今日は、午前中に作曲家のところに行くという話だったのだが、なん時頃に行くのか不明だ。
ここらへんは、携帯やらスマホがないので少しアバウトだな。
スマホがあれば、「これから向かいます~」と連絡があれば、ああ○時頃にやってくるな――という感じで解るのだが、それがない。
のんびりと忙しいが同居している――それが昭和だ。
髪を整えて、スーツを出す。
コノミは夏休みの宿題をやっている。
出かける準備をしていると、外に車が止まった音がした。
窓を開けると、黒塗りのタクシー。
そこから相原さんが降りてきて、階段を上ってくる音がする。
「篠原さん~」
「はいはい」
ドアを開けると、彼女が顔を出した。
「コノミちゃん、おはよう」
「おはようございます!」
相原さんがコノミに本を渡して、抱きしめた。
「相原さん、いつも本を持ってきてくださるのはありがたいのですが、無理をなさらなくても……」
「大丈夫ですよ。出版社なので、本だけは山ほどありますので」
彼女が持ってくるのは、雑誌から児童文学など多岐にわたる。
俺も知っているような作家さんの本もあるのだが、まったく知らない本も多い。
多分、返本の山の中から、探して持ってきているのではないだろうか。
「それじゃ、行きましょうか? ヒカルコ、コノミいってきます」
「いってらっしゃーい!」
「……」
なぜか、ヒカルコがむくれている。
「仕事だって説明しただろ?」
「……」
返事がないので、出かけることにした。
相原さんと階段を降りて、外に待っていた黒いタクシーに乗り込む。
彼女の座席には、紙袋が置かれていた。
タクシーなどを経費で使えるのは羨ましいが、俺にも特許の金が入ってくれば、法人化して経費が使える。
役員報酬をもらっても、税金で引かれるだけだからな。
金は食えるぐらいでいいので、儲けは投資に突っ込む予定だ。
タクシーに乗り込むと、豊島区に向かうと言う。
そこには畏れ多くも畏い方も通うデカい大学があるのだが、その近くらしい。
俺はカバンの中から写真を取り出した。
「相原さん、どうぞ。コノミの写真です」
「え?! ああ、可愛い! これが浴衣姿ですねぇ!」
「モノクロですけどねぇ」
「この写真って篠原さんがお撮りになっているんですよね?」
「ええ、私が撮って、自分で現像もしてますよ」
そういえば、カメラで写真を撮るようになってから、スマホの出番が減ってしまった。
普段から使わないものになっているから、もう電源を入れようとも思わないんだよなぁ……。

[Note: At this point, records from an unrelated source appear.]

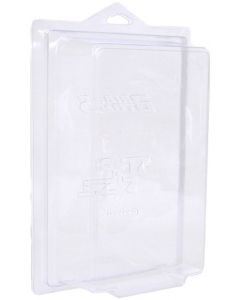 Star Case - Standard (Two Piece Protective shells for carded figures)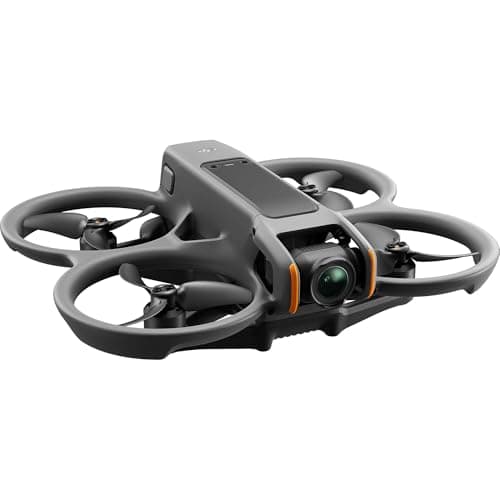 DJI Avata 2 FPV Drone with 3-Battery Fly More Combo, 4K Video, 128GB Memory, Landing Pad, 2 Year Warranty, Gray, Beginner to Advanced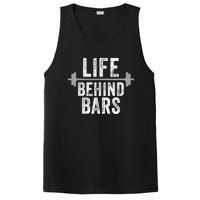 LIfe Behind Bars Weight Lifting Gym Workout Bodybuilding PosiCharge Competitor Tank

中に、読んでない小説とかもあるんだが、この時代でも読んでない本が結構あるし。
最初喜んで撮っていたゴニョゴニョ写真やゴニョゴニョ動画も、最近は撮らないし……。
俺も昭和に順応しつつあるのだろうか。
あ、でも――八重樫君のお姉さんにその機会が巡ってきたら、ぜひとも動画で残したい。
「すごいですね……」
「はは、別にすごくはないですよ」
カバンに入れて持ち歩いている、コノミの写真を見せる。
女の子の友だちと、頬をくっつけて笑っている写真だ。
「この写真も可愛い……」
彼女が写真を見て、顔をほころばせている。
「じゃぁ、それもどうぞ」
「いいんですか?!」
「自分で現像しているから、焼き増しもできますし」
「あ! そうですよねぇ」
相原さんがニコニコしているので、俺は安心した。
ずっと引っかかっていて聞けなかった、例の電報の件だ。
この際だ、聞いてしまおう。
「それじゃ、あの電報の件は――終わったあとに正気に戻ったら恥ずかしかった――というだけなんですね?」
「え?! あ、あの……そ、そうです」
いきなり俺に突っ込まれて彼女がしどろもどろになっている。
「でも、忘れるなんて――相原さんは、とても素敵だったのに……」
「や、やめてくださいぃ……あんなことをしちゃうなんて……」
彼女が両手で顔を隠して真っ赤になっている。
やっぱり、仕事が上手くいって盛り上がってノリノリになってしまっただけのようだ。
「俺としては、相原さんとならいくらでもしたいんだけどなぁ……」
「え?! ええ…………は、はい」
女史が顔を隠したままうなずく。
タクシーの中でする会話じゃねぇな。
多分、車が騒々しいので前の運転手には聞こえてないだろうが。
「しかしなぁ、いつも素敵なお姉さんが、ベッドの上であんなことをするなんて、コノミが知ったらショックだろうなぁ……」
「ぎゃぁ! 止めてください! や め て く だ さ い~」
相原さんがマジ顔になっているので、俺はビビった。
「も、もちろん冗談ですよ」
「……」
彼女が真っ赤な顔で、プイと外を見てしまった。
――そんなアホな会話をしている間に駅に到着した。
目白駅と書いてある。
コンクリートでできた平屋の駅の前には人も多く、車も多い。
相原さんの指示で、タクシーが狭い路地に入っていくと、大きな木造の家の前に到着した。
木の塀に囲まれて、背の高い庭木が茂っている。
こういうのを見ると――手入れに金がかかりそう、とか思ってしまうのが、貧乏人の性なのか。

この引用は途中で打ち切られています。